If your friends ask you to try smoking, smokeless tobacco, or electronic cigarettes say no! Here’s why.
Smoking traditional cigarettes or electronic cigarettes (e-cigarettes or vapes), or using smokeless tobacco (also called dip, snuff or chew) are some of the worst things you can do to your body. Just smoking a few cigarettes or using smokeless tobacco a couple of times might make you addicted, and it can be very hard to quit.
Using ANY tobacco product damages nearly EVERY organ in your body and can cause heart disease and cancer. Using smokeless tobacco is NOT a safe alternative to smoking!
Why is smoking so bad for your health?Tobacco contains a chemical called “nicotine” that gives smokers a pleasant feeling. People get addicted to that good feeling. Electronic cigarettes and “vapes” also deliver nicotine. Just because these products are high-tech doesn’t mean they’re safe. In addition to the nicotine, tobacco products have lots of other poisonous chemicals in them. These toxic substances can destroy your body over time, especially your heart and lungs.
Some of the thousands of chemicals found in cigarette smoke or smokeless tobacco are also found in other familiar things:
- Acetone — nail polish remover
- Hydrogen cyanide — insecticide
- Methanol — antifreeze
- Cadmium — batteries
- Hydrazine — rocket fuel
- Toluene — paint thinner
- Polonium 210 — nuclear waste
- Formaldehyde — embalming fluid
- Lead — once used in paint
- Nitrosamines — cancer-causing substances
- Arsenic— used in pesticides
- Propylene glycol – automobile anti-freeze
Avoid smokers, too!Breathing in smoke from someone else who is smoking is called secondhand smoking, and it is also hazardous for your heart and lungs too. Even if it smells good, these fumes can be dangerous. When it comes to smoking and smokeless tobacco products, there is only one way to go to keep your heart healthy: Stay away! REMEMBER: If you can smell the smoke, then the chemicals are getting into your body!
Peer Pressure: What if your friend wants you to use tobacco?Let’s face it, saying “no” isn’t always easy. It can be especially difficult if you have to say “no” to your friends. Most of us worry about fitting in and what others will think of us. But if you’re worried that you’ll lose your friend over smoking or using tobacco, you may want to take a closer look at the friendship. A true friend will respect your decisions and someone who ditches you for not taking orders from them was never a true friend in the first place. Also, you may discover that some of your other friends secretly feel the same way you do! It takes courage to say “no” but you can do it! Actually, MOST teens have made the decision not to use tobacco. If you plan ahead, it’ll be lots easier to stay strong and stick to your goal.

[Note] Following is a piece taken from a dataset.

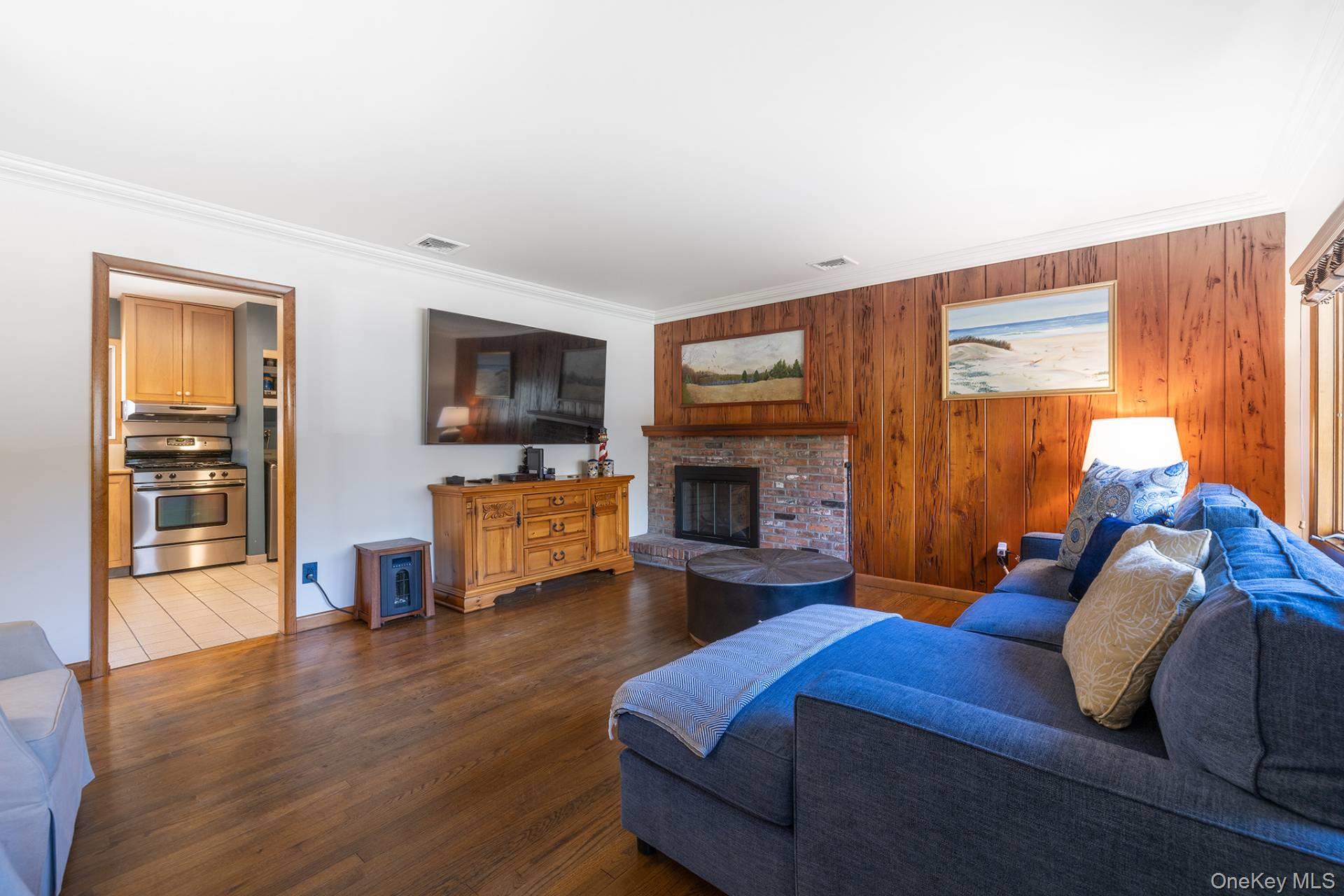 8 Susan Street – For Rent photo 8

What are my choices?If someone wants you to try smoking or using other types of tobacco, here are a few ways to say “no.”
Decide which way works for you.
- Be direct. If a friend asks you, “Hey, do you want a smoke?” … say, “No. I don’t want to.” And sound like you mean it. If you say no every time they ask, they will eventually stop asking.
- Change the subject. If a friend asks you, “Hey, do you want a cigarette?” … say, “No, but let’s go play basketball, or to a movie or go for a walk.”
- Have a good joke, comeback line or smart response ready. If a friend says, “Come on, everyone smokes.” … say, something funny like, “No thanks, I’m a big fan of breathing.” Or, “No thanks, I am not a butt kisser.” (Get it? Cigarette butts? HA!) Or try a smart response such as, “No thanks, cigarettes have a lot of really nasty chemicals in them that I don’t want in my body.”
- Walk away. If you feel uncomfortable and don’t want to say anything, you can simply walk away. It’s as easy as that.
- Blame it on something else. Use an excuse to say “no,” like, “My mom wants me home now. Got to go!” or “It’s not worth getting in trouble over it.”
- Avoid the situation. If you see your friends sneaking around with tobacco, you can decide to do something else besides hang out with them. It may be really hard, but if your friends don’t respect your right not to smoke, try hanging out with some people who will.
Here are some questions you can ask a parent, teacher or other trusted adult.
- Did you ever face peer pressure to smoke? If so, did you say “no”? How?
- What are some of your favorite healthy tips to try instead of smoking?
- If you know someone who is sick from smoking-related causes, ask an adult whether they think that person regrets smoking.